** Opening Dataset records block **

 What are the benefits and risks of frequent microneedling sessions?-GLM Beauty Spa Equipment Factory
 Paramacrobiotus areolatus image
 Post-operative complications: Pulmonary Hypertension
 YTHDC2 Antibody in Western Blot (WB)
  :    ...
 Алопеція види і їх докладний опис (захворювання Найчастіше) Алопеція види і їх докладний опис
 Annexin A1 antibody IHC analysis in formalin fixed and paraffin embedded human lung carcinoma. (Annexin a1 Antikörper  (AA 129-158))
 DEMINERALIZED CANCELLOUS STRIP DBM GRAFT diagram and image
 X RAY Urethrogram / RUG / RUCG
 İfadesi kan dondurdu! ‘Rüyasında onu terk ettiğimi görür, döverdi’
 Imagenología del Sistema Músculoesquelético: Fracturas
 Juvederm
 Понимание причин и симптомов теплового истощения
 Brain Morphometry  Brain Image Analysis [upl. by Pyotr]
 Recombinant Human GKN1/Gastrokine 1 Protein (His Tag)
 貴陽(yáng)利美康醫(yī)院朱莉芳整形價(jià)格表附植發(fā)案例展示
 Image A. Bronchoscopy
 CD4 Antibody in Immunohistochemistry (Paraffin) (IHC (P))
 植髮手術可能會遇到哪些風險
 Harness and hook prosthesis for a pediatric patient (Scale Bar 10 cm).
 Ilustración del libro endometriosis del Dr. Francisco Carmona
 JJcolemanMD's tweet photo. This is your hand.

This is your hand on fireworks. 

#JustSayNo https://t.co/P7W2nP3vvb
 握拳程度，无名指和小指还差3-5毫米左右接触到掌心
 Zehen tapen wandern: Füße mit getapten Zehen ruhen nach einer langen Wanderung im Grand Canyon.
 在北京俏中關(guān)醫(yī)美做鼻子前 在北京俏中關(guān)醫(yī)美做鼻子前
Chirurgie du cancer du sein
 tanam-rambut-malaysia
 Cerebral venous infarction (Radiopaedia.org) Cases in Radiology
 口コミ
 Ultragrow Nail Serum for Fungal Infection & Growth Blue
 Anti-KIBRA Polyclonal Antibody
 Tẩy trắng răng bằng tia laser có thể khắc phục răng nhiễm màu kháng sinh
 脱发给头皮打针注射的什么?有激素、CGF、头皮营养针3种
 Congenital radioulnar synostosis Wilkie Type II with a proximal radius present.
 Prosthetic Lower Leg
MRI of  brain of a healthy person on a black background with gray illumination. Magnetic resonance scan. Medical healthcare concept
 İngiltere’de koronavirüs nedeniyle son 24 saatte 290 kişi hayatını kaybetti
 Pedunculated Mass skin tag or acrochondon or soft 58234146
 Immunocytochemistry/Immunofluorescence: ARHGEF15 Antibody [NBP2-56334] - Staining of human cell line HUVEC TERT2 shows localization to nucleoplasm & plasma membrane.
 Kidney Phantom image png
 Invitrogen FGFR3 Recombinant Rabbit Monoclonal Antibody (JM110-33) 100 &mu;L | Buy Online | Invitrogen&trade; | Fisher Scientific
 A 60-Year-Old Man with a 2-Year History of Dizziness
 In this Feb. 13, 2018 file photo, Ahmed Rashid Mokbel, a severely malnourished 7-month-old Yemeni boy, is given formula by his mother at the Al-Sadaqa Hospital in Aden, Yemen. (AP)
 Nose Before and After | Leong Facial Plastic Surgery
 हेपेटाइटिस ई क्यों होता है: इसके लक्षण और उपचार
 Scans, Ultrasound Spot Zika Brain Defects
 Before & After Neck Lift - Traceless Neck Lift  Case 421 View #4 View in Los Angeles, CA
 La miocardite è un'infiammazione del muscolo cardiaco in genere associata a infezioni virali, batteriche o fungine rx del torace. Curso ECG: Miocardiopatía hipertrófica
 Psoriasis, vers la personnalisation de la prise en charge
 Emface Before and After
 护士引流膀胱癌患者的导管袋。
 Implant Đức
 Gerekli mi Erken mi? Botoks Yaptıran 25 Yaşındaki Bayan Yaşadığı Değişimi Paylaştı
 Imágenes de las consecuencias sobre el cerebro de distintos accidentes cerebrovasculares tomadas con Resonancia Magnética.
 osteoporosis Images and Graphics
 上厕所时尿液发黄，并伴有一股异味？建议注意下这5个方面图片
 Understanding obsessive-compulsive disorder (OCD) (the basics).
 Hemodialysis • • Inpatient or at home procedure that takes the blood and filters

** Closing Dataset records block **

* [Task]:
Please transcribe, exactly and with nothing added, the lines from the first line of the material above through the line that contains "Annexin A1 antibody".

* [Result]:
 What are the benefits and risks of frequent microneedling sessions?-GLM Beauty Spa Equipment Factory
 Paramacrobiotus areolatus image
 Post-operative complications: Pulmonary Hypertension
 YTHDC2 Antibody in Western Blot (WB)
  :    ...
 Алопеція види і їх докладний опис (захворювання Найчастіше) Алопеція види і їх докладний опис
 Annexin A1 antibody IHC analysis in formalin fixed and paraffin embedded human lung carcinoma. (Annexin a1 Antikörper  (AA 129-158))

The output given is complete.